Starting your own compost may sound daunting, but once you commit, I bet you won’t regret it! Involving your children makes it even more fun. Not only will you save money and reduce waste, but you have the opportunity to encourage your family to learn about how your daily habits and choices really can make a difference.
I have been composting for over a decade in both my home and kindergarten classroom, and my best advice is: don’t over think it. I started with a simple chicken wire fence contraption, graduated to an aerated rain barrel, and now currently use a home-made cedar compost bin. A quick visit to Pinterest will give you several DIY options, or you can simply purchase one too. Milwaukee Department Public Works also offers them at a discounted price!
Take a nature walk in the forest with your kids and observe the natural process of how fallen leaves insulate the soil and eventually decompose into nutrients that feed the forest. Ignite their inner conservationist and research about what happens to garbage that could be composted, but instead ends up in landfills.

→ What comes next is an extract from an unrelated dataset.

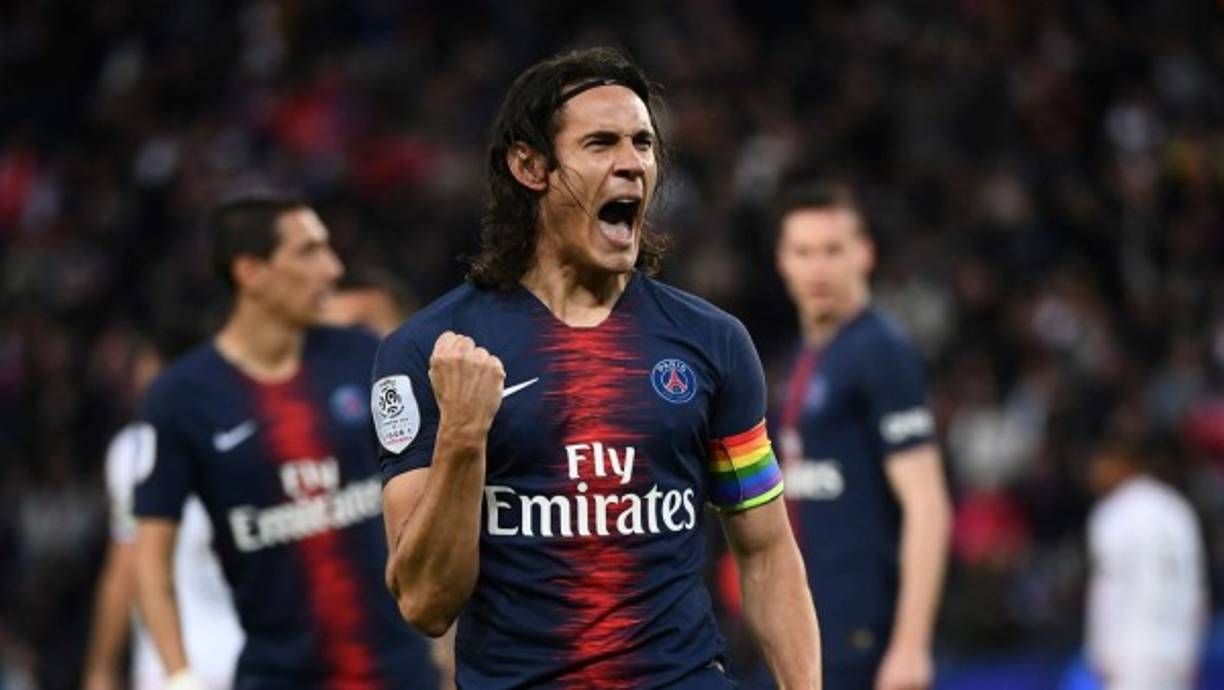 El Atlético de Madrid retoma el interés por Edinson Cavani. Según la SER es el jugador favorito de Diego Simeone para cubrir la baja de Griezmann. El delantero uruguayo (32 años) sigue a la sombra de Neymar y Mbappé en el PSG y podría llegar en calidad de cedido.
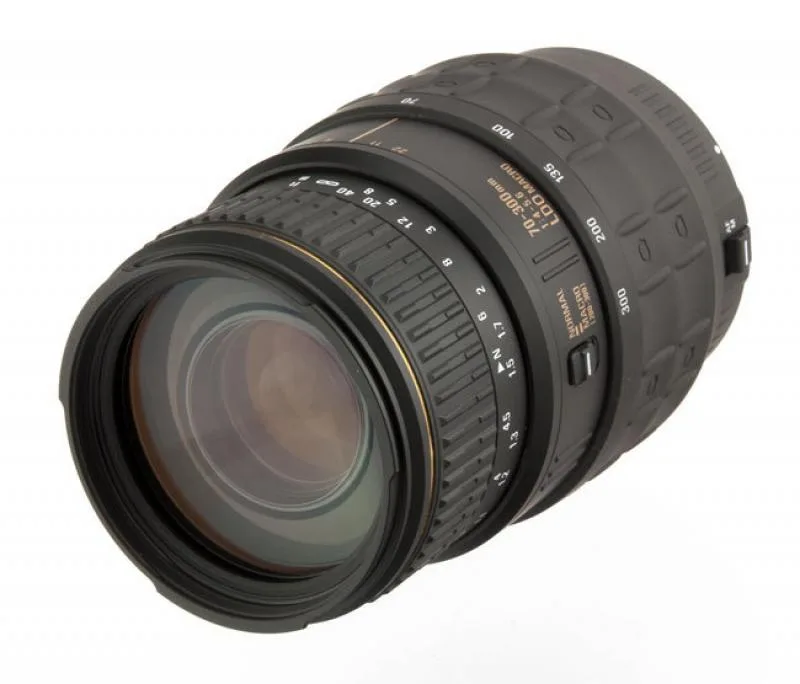Quantaray AF 70-300mm F/4-5.6 LDO Macro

Identify your browns and greens:
A healthy compost needs a balance of carbon and nitrogen. Carbon rich materials, or “brown” items include: dead and dried plant matter, twigs, wood chips, newspaper, and cardboard for example. Nitrogen rich materials, or “green” items include: living stuff like grass clippings, scraps from your veggies, coffee grounds, egg shells, and tea bags. Children will have fun identifying and classifying the two!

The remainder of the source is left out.